ANALYSIS OF HOUSE BILL 2663

    Providing for the distribution of atypical antipsychotic medications

                  to underserved populations.

 

Health Care Committee                          January 31, 2000

Washington State House of Representatives

 

 

SPONSORS:  Representatives Alexander and Schual-Berke.

 

BACKGROUND:  The Department of Social and Health provides funding to regional support networks for Offering of mental health services in the community.  Counties or groups of counties operate as regional support networks for serving the mental health needs of Medicaid-eligible persons and other low-income persons who are acutely or chronically mentally ill or seriously disturbed.  The regional support networks contract with community mental health centers and other mental health providers, and currently serve some 105,000 outpatients in the community.  The services include a crisis response system, outpatient treatment, case management, residential and housing supports, and psychiatric care in community hospitals and the state mental hospitals.  The public mental health system must provide crisis care regardless of the person's ability to pay or eligibility for Medicaid assistance.

 

Approximately 30 percent of persons who suffer serious mental illness do not qualify for Medicaid assistance benefits, nor do they have resources to needed antipsychotic medications, especially the newer atypical antipsychotic medications.
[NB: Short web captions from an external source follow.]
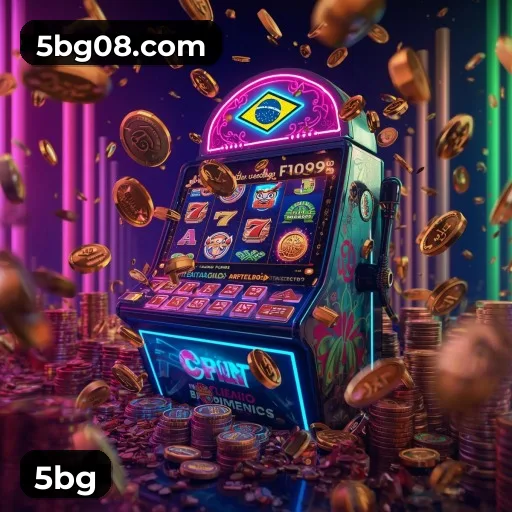 5bg Login - 5bg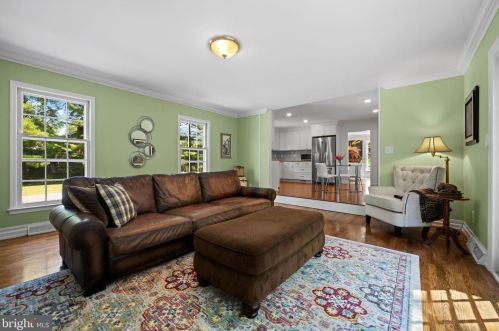 12 Nelson Ridge Rd, Princeton NJ  08540-7436 exterior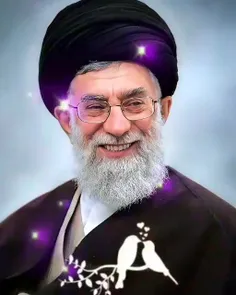 آغاز سی و پنجمین سال زعامت علمدار عصر ظهور، امام خامنه ای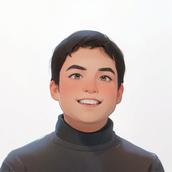 助太刀コンサルティング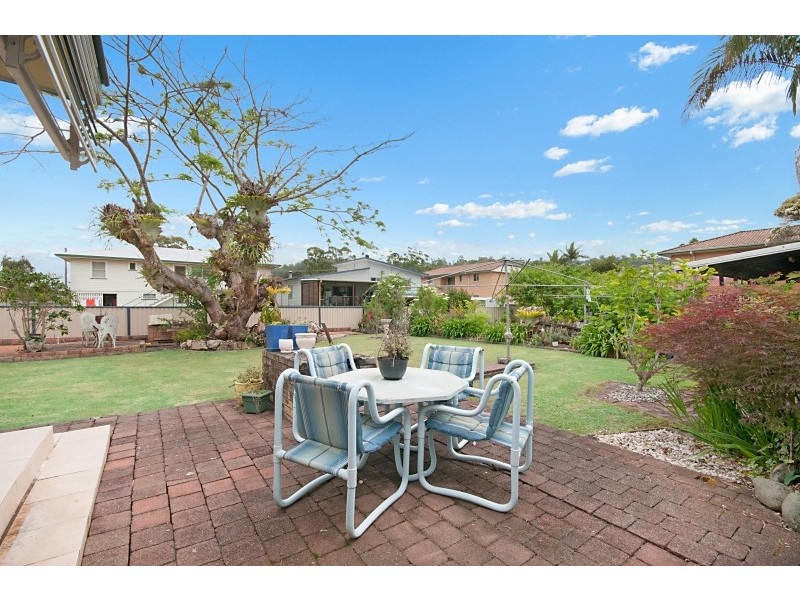 51 Walker Street, East Lismore NSW 2480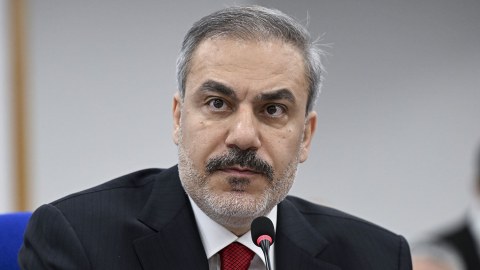 Ərdoğan ABŞ-a gedə, Tramp Türkiyəyə gələ bilər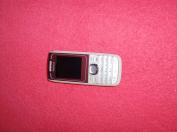 Nokia 1650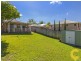 287 Newman Road, Geebung QLD 4034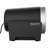 Vc-01 Ceramic Space Heater In Black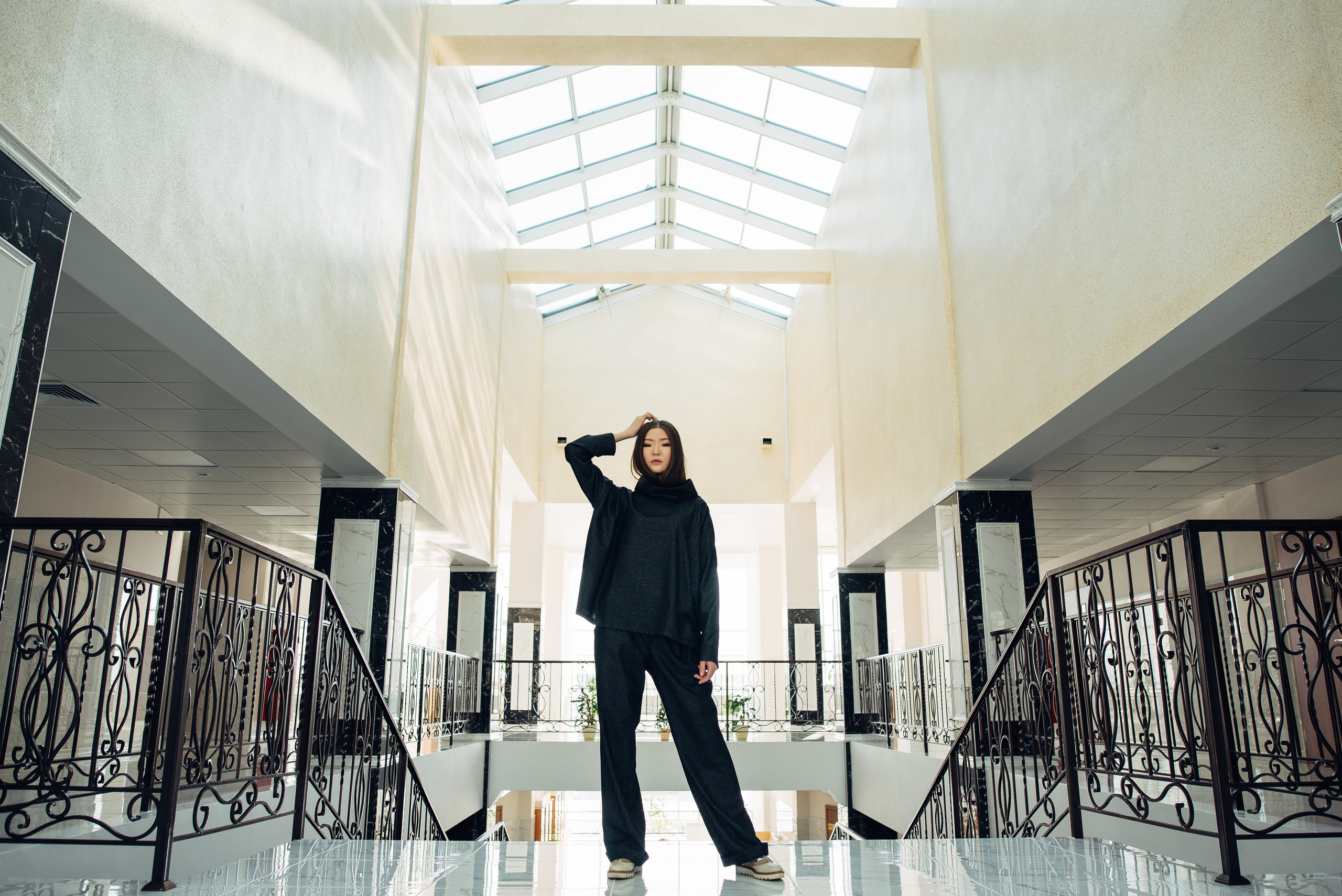 Фотограф Улан-Удэ, Бурятия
Recent experience shows that  conventional antipsychotic medications are less effective and have serious and irreversible side effects.  The newer atypical antipsychotic medications show early, drastic reductions in total mental health treatment costs, without the serious side effects.

 

SUMMARY:  The Department of Social and Health Services must establish a competitive process to contract directly with community-based health providers to distribute atypical antipsychotic medications to underserved populations.

 

The department must establish provider selection criteria for assessing service plans that maximize the number of clients to be served with minimal administrative costs.  Services plans must address drug purchasing and outreach strategies, as well as strategies for securing Medicaid funding for eligible persons.

 


The department must establish the performance measures and outcomes for each provider in the contract, and performance evaluations must be conducted at the end of each contract period.

 

The underserved populations include non-Medicaid eligible persons in crisis, the non-Medicaid eligible working poor who need antipsychotic medications to retain employment, persons transitioning from jail and the Department of Corrections to Medicaid eligibility, and persons in jail.

 

There is an appropriation of up to $1,000,000 from the General Fund to the department for the fiscal year ending June 30, 2001.